2017/05/04

トゥモロウ・スピーチ

松岡和子さんの『深読みシェイクスピア』で、「トゥモロウ・スピーチ(Tomorrow Speech)」という言葉を知った。シェイクスピア『マクベス』第五幕第五場でのマクベスの独白部分のことである。このトゥモロウ・スピーチについて、松岡さんは「音と意味とイメージのつながりがパーフェクト!」であるという。
To-morrow, and to-morrow, and to-morrow,
Creeps in this petty pace from day to day,
To the last syllable of recorded time;
And all our yesterdays have lighted fools
The way to dusty death. Out, out, brief candle!
Life's but a walking shadow, a poor player,
That struts and frets his hour upon the stage,
And then is heard no more: it is a tale
Told by an idiot, full of sound and fury,
Signifying nothing.

明日も、明日も、また明日も、
とぼとぼと小刻みにその日その日の歩みを進め、
歴史の記述の最後の一言にたどり着く。
すべての昨日は、愚かな人間が土に還る
死への道を照らしてきた。消えろ、消えろ、束の間の灯火!
人生はたかが歩く影、哀れな訳者だ、
出場のあいだは舞台で大見得を切っても
袖へ入ればそれきりだ。
白痴のしゃべる物語、たけり狂うわめき声ばかり、
筋の通った意味などない。
――松岡和子訳『マクベス』
音と意味とイメージがどのようにつながっているかということは『深読みシェイクスピア』を読んでいただくこととして、私はこの部分を読んで、ソクラテスの「洞窟の比喩」を思い出した。
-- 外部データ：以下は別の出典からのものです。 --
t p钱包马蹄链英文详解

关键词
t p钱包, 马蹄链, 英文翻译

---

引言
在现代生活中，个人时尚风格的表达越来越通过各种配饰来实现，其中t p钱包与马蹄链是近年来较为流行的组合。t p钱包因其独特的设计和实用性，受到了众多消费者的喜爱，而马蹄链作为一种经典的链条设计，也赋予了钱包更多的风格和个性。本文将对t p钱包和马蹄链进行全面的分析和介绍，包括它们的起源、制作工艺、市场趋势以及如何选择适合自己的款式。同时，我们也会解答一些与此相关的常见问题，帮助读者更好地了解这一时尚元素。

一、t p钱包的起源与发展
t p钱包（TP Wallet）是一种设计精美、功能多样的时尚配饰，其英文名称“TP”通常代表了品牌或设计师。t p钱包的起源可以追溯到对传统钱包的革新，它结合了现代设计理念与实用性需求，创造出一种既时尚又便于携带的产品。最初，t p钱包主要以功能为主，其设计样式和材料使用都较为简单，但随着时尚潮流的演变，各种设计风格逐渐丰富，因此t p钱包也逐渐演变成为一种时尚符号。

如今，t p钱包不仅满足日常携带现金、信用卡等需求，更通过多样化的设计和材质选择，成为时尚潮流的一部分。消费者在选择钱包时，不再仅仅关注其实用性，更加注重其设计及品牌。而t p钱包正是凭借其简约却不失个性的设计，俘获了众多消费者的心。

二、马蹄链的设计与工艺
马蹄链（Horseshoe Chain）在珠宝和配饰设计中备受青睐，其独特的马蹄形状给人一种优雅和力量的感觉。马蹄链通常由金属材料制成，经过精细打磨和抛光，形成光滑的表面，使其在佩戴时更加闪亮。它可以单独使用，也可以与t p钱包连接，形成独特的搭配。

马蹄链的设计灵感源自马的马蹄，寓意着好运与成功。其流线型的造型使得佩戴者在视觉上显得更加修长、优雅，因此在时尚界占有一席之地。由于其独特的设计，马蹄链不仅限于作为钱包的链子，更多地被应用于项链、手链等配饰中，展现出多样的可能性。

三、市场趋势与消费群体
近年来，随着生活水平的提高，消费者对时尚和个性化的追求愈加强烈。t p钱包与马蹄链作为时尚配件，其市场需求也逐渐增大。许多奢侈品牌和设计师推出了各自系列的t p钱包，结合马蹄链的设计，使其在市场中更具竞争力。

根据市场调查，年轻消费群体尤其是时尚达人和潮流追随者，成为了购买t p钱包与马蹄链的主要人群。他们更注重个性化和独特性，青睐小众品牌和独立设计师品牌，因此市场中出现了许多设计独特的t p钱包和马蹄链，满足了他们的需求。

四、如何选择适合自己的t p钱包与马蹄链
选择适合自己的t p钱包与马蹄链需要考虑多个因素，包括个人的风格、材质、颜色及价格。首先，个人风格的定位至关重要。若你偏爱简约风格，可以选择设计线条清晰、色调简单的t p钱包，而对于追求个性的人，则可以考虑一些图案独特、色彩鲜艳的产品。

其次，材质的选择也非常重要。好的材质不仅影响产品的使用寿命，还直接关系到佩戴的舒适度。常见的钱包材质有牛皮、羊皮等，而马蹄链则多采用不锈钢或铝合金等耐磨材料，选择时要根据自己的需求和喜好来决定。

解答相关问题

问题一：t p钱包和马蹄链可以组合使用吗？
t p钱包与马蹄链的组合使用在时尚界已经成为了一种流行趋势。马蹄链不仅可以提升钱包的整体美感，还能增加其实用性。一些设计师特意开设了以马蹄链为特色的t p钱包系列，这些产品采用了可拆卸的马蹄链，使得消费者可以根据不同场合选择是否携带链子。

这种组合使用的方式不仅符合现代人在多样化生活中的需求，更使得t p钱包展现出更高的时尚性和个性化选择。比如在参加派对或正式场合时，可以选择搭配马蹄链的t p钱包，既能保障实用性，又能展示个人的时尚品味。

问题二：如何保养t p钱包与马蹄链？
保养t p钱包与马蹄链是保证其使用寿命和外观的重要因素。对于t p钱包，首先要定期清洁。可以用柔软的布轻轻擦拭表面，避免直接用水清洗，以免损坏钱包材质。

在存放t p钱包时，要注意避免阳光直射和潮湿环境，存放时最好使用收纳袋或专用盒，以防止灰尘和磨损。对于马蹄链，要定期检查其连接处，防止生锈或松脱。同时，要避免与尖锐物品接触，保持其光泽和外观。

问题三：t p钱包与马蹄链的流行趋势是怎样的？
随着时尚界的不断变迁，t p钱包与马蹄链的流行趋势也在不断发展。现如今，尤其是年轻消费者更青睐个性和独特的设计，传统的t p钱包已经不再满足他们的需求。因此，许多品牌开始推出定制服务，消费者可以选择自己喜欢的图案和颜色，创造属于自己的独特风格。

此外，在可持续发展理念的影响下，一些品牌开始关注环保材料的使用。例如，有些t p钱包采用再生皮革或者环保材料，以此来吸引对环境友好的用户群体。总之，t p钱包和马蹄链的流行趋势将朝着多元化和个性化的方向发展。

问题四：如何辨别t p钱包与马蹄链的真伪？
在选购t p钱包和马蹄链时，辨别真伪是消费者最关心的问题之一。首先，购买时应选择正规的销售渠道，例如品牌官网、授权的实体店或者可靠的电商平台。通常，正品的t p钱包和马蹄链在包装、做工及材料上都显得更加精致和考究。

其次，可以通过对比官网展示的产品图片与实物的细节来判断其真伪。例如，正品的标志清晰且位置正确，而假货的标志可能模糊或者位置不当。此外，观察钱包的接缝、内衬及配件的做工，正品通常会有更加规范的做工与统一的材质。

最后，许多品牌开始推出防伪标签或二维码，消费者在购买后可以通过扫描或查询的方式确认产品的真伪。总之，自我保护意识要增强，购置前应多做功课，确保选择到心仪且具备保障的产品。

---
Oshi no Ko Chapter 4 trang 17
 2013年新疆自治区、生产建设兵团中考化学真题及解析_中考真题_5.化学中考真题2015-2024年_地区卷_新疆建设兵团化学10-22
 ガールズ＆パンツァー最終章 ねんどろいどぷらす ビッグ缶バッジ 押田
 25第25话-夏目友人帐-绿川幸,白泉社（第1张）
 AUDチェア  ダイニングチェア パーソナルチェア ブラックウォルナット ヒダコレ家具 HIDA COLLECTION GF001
洞窟の比喩は、プラトンの『国家』のなかでソクラテスが言ったこととして記述されている。『国家』を読んだことはないが、洞窟の比喩については言及を見ることがある。Wikipediaにも「洞窟の比喩」という項目があった。

私が洞窟の比喩で思い出した本は、小林秀雄さんの『考えるヒント』である。確認のため、『考えるヒント』に収められている「プラトンの「国家」」をあらためて読むと、文脈は異なるが、私の勝手な関連づけがはじまった。

「プラトンの「国家」」のなかで、小林さんは以下のように書いている。
もし囚人のなかに一人変り者がいて、非常な努力をして、背後を振りかえり、光源を見たとしたら、彼は、人間達が影を見ているに過ぎない事を知るであろうが、闇に慣れていた眼が光でやられるから、どうしても行動がおかしくなる。影の社会で、影に準じて作られた社会のしきたりの中では、胡乱臭い人物にならざるを得ない。人間達は、そんな男は、殺せれば殺したいだろう、とソクラテスは言う。つまり、彼は洞窟の比喩を語り終ると直ぐ自分の死を予言するのである。
マクベスは夫人と共謀し、国王ダンカンを暗殺し王位を得る。そしてその地位を守るため罪を重ねていく。冒頭の「トゥモロウ・スピーチ」は、夫人が亡くなったという知らせを受けた直後の独白である。そしてその後、バーナムの森が動き戦いがはじまり、その戦いでマクベスは殺される。

もしかするとマクベスは、束の間の灯火であったかもしれないが、洞窟の比喩での光源を見たのではないか。そして、洞窟の比喩を語り終えると自分の死を予言したのではないか。そんな勝手な想像が生まれた。

『マクベス』はまだ読み返していない。明日にしよう。